It’s 4.45 am and I’m having a cup of camomile tea to calm myself down, after being woken from a lovely deep sleep at 12.45 am by my hubby getting into bed, then by his snoring as I started to drop off again, then by him rolling around the bed because he’s got a pain in his back!  I’ve tried all this time to get back to sleep but can’t.  And eventually, as is so common during sleepless nights, my mind started to run away with itself, causing the rushes of anxiety I’m now trying to calm down.

I think I’ve heard it called ‘The hour of the wolf’, the mind-chaos that erupts during the middle of the night, whilst you’re laying there, desperate to get to sleep.  The time when there is little resistance to deter the rising of internalised anxiety, that has been held deep inside for some time.  The worry thoughts you push away.  The niggles you ignore.  The fear that is too intense to acknowledge.  All find a route to the surface of your mind when you are in this experience!

As you lay there in the darkness, wondering if you will drop off soon, your mind starts to wander.  Firstly onto the trivia you’ve encountered over the recent past, then into the more deeper regions of your worries and fears.  Until eventually, as you lay there, tossing and turning, beating up the pillows, kicking of the covers, you realise you feel really vulnerable.  Your anxiety increases as you feel more panicky and are unable to pacify yourself.  You hear the creaks in the house and the rustles outside the window.  Your senses are heightened!  There are so many things to worry about and be scared of!

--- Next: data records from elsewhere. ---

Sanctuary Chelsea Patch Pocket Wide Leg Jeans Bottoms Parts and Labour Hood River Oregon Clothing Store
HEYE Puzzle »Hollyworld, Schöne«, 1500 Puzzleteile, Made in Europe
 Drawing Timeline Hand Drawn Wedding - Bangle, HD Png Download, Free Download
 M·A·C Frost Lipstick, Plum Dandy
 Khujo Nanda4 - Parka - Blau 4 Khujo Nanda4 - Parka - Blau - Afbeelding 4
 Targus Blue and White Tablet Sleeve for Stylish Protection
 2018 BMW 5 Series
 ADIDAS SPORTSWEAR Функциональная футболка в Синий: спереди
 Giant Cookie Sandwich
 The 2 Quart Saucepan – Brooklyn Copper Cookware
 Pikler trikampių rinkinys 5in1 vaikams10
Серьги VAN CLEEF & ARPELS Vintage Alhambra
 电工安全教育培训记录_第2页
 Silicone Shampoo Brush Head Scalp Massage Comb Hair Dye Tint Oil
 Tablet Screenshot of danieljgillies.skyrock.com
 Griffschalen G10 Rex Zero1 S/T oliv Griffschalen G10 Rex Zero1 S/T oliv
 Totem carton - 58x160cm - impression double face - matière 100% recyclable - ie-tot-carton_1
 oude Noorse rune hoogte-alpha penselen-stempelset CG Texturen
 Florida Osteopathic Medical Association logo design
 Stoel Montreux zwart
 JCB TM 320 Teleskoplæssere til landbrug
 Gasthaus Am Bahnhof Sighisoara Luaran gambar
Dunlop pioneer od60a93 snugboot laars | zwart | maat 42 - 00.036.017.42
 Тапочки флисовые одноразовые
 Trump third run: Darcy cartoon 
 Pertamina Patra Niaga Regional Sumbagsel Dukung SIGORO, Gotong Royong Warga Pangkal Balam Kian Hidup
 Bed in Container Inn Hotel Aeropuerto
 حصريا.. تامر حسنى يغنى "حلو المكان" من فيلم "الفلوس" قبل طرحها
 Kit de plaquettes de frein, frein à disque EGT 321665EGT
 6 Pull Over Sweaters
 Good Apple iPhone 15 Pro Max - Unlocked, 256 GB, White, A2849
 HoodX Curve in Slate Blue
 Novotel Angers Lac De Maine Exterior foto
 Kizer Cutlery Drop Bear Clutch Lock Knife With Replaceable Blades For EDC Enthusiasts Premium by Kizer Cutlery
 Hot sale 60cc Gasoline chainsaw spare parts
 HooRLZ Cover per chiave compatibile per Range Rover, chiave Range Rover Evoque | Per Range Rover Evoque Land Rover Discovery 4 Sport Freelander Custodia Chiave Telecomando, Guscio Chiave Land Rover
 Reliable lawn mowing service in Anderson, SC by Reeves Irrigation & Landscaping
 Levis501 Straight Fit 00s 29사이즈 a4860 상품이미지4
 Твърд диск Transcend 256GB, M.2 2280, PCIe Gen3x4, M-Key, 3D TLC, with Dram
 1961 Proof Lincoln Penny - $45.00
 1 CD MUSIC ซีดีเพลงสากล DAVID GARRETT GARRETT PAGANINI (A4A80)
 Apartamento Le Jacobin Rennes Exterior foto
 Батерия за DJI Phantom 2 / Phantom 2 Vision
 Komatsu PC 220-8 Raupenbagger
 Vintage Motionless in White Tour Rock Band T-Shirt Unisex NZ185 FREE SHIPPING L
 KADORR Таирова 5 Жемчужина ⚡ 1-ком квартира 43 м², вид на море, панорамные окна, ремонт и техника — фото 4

And as your fearful thoughts bombard your thinking mind, you try to work them out, causing a reaction within your mind like a tennis game.  Where as one thought gets hit back by another, repeatedly, you can end up fraught and exhausted. Not because you’ve gone without sleep, but because you’ve experienced an attack of anxiety that can often debilitate you for the next few hours.

So, because I’m a therapist (cliché), I’m aware that my anxious thoughts are not true, their intensity does not mean they are premonitionary.  My anxiety and rapid heart beat is being caused by my mind racing because there is nothing to distract it, not by a heart attack!  The increasing tension in my body is being caused by the anxiety created by my mind running free, in the night.  The noises are simply the house creaking, not someone breaking in. Meaning that because I understand how insomnia can evoke acutely distressing delusional-type experiences that our mind creates, I can recognise I’m in the midst of a process that can be controlled, and find ways to break the worry cycle that my mind has created over the last few hours! Thus, I decided I’m not going to just lay there worrying and getting more anxious, and frustrated with myself!  I’m going to get up and have a cuppa!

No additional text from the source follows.